# Auto vs manual MPG



## IndyDiesel (May 24, 2015)

I have gen 1 ctd. I have driven the gen 2, the auto in gen 2 is an improvement over gen 1 And seems like a very nice tranny. The manual in the diesel at least in sedan seems to get much better mileage, like 5-7 mpg more. I haven’t driven the manual yet. The downside for the manual is the limited options in my opinion. I am sure those that have gen 2 will chime in. Good luck.


----------



## johnmo (Mar 2, 2017)

I think the reason for the discrepancy between the auto and manual is the final drive ratio is different.

Mine's a manual with about 23k miles on it now. I prefer manual transmissions, but also wanted to maximize fuel economy as I have a long commute. See fuelly details in sig for fuel economy history.

My commute is over 100 miles per day. Most of the roads are rural highway with speed limits ranging from 55 to 70 MPH. There are a few stoplights and 4 or 5 significant grades. Where I live, almost everything I do involves a lot of time on rural highways. One might point out that my numbers benefit from an easy, all-highway commute, but I'm still beating the EPA estimate by 3 or 4 MPG and some individual tanks are better than 10% over the EPA highway estimate.

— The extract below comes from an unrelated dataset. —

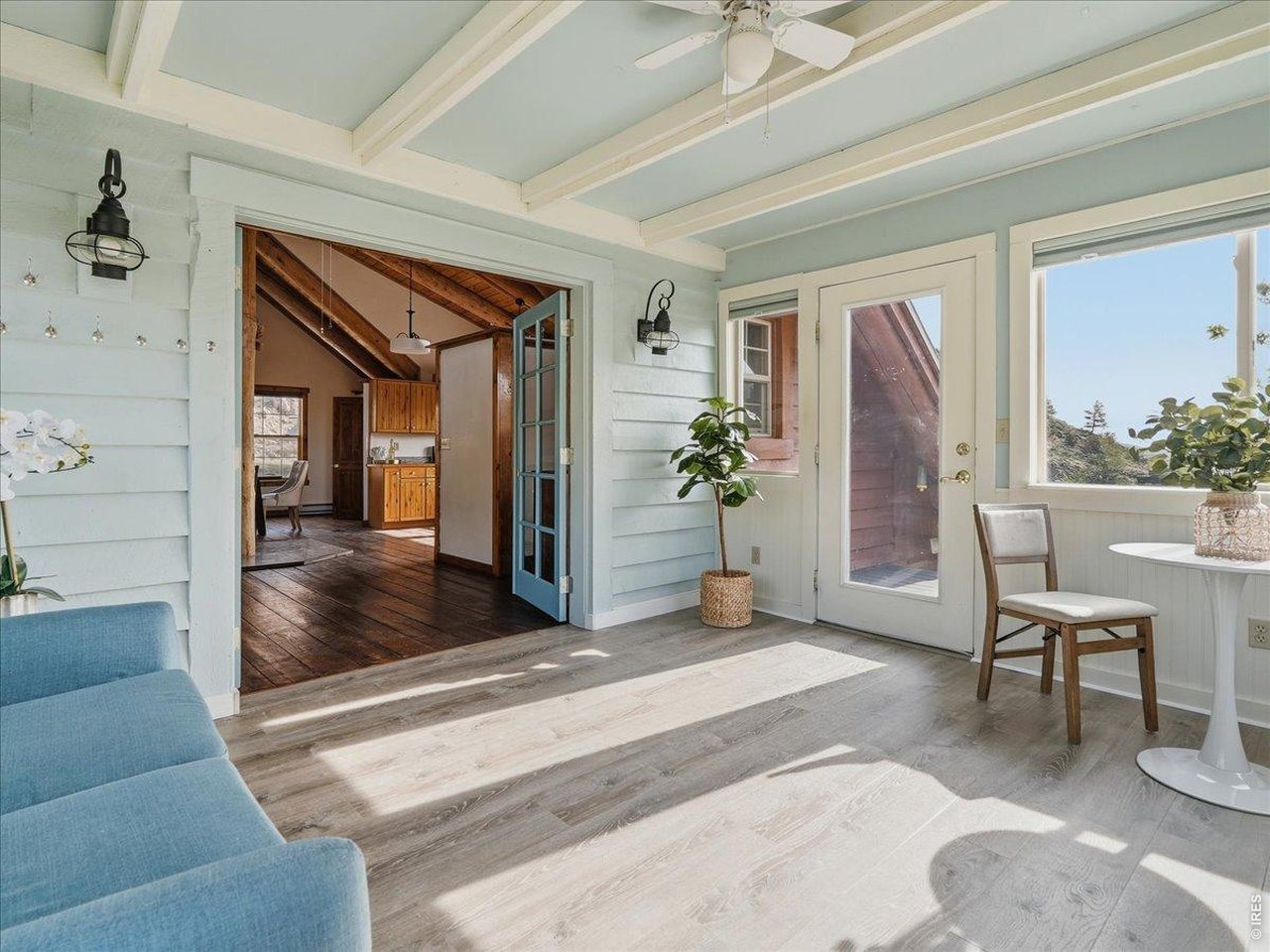 1652 Eiger Road Livermore, CO 80536 - Photo 17 of 50 Watch the sunrise or sunset from your sunroom with your coffee in hand all cozied up inside. Views from East, South and West in the Sunroom.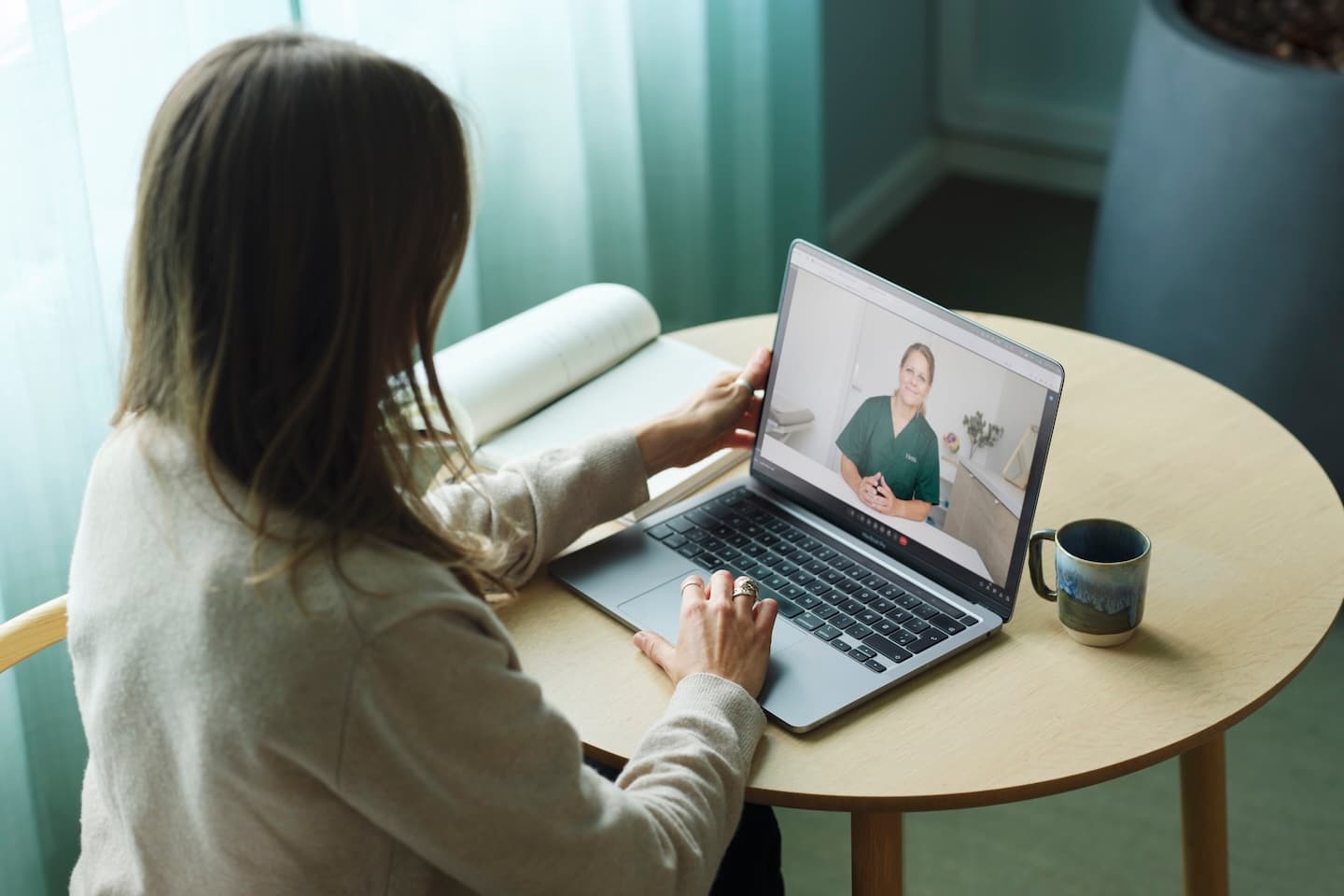Vrouw zit aan een houten tafel met laptop en heeft een videocall met een medisch professional in groene kleding.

I'm very happy with the fuel economy. The car is comfortable and fun to drive. I would have paid up for the options available on the auto models, but more than anything I needed the long legs of a diesel and a manual transmission is more important to me than a sunroof.


----------



## 91794 (Mar 25, 2015)

For me the gen2 stickshift mpg (not counting DEF) seems to be 49 mpg on winter fuel, including LOTS of the extended winter idling like to defrost windshield on a -12F morning.

From day-1 car seemed to achieve above 50 mpg on summer fuel, about 52 to 55 mpg overall. Again not counting the gallons of DEF used. Also it got 62 mpg on the 160 mile drive back from the dealership in october, which includes ~2000 feet of elevation.


----------



## MRO1791 (Sep 2, 2016)

I have one of each, 2018 manual, and 2017 Auto. The auto doesn't have many miles to make a good comparison yet, but it's looking pretty good, I expect similar numbers, maybe a bit less than the manual overall. (manual lifetime is sitting at 44MPG, best 50 mile was 69MPG, last 50 is about 52MPG) The Gen 2 auto is an improvement over the Gen 1 auto, in most ways, though I do prefer the Gen 1 manual shift mode over the Gen 2 set-up, even with the "Shift Denied" messages when the computer reminded you who was really in charge! That said, the auto posts better in town MPG primarily due to the engine auto-stop feature that is part of the automatic transmission.. some hate this feature, it takes some getting used to.. but I don't find it a problem, and it IS entirely possible to disable this if you want to, contrary to what some have said. The manual mode "L" on the snifter sets the highest gear only, and the transmission will shift just like "D" up to that gear... but will ONLY auto-stop when all the parameters are met, in "D" only, so don't want auto stop: Drive in "L9" and it won't auto stop, and still shift through all 9 speeds.. problem solved. I concur with you on the option packages, the reason I ended up with the 2017 auto, is my wife came to like some of those features on her 2015 that the 2018 manual did not have, and only way to find a car in actual inventory was to get an auto version... it's sadly the way GM thinks most buyers will equip their cars.. only other way would be factory special order, and a hassle that would be, with no good discounts.. a hefty price to pay, and they know it. When I have more data on the auto, I'll post it.


----------